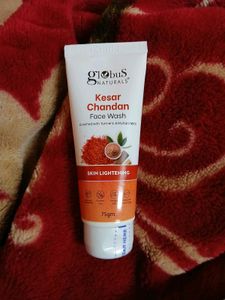 Globus Naturals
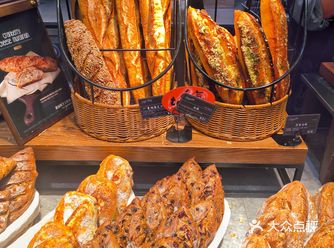 红跑车升级开业了!碳水脑袋又可以买买买了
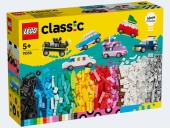 LEGO®<br>LEGO Classic Kreative Fahrzeuge<br>Artikel-Nr: 5702017583020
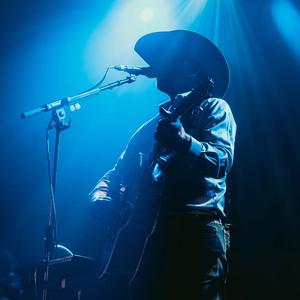 Evan Felker of Turnpike Troubadours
++++++++
*What you should do*: All of the material must be given again exactly, though no picture may appear in the copy.

*Answer for this exercise*:
 Globus Naturals
 红跑车升级开业了!碳水脑袋又可以买买买了
 LEGO®<br>LEGO Classic Kreative Fahrzeuge<br>Artikel-Nr: 5702017583020
 Evan Felker of Turnpike Troubadours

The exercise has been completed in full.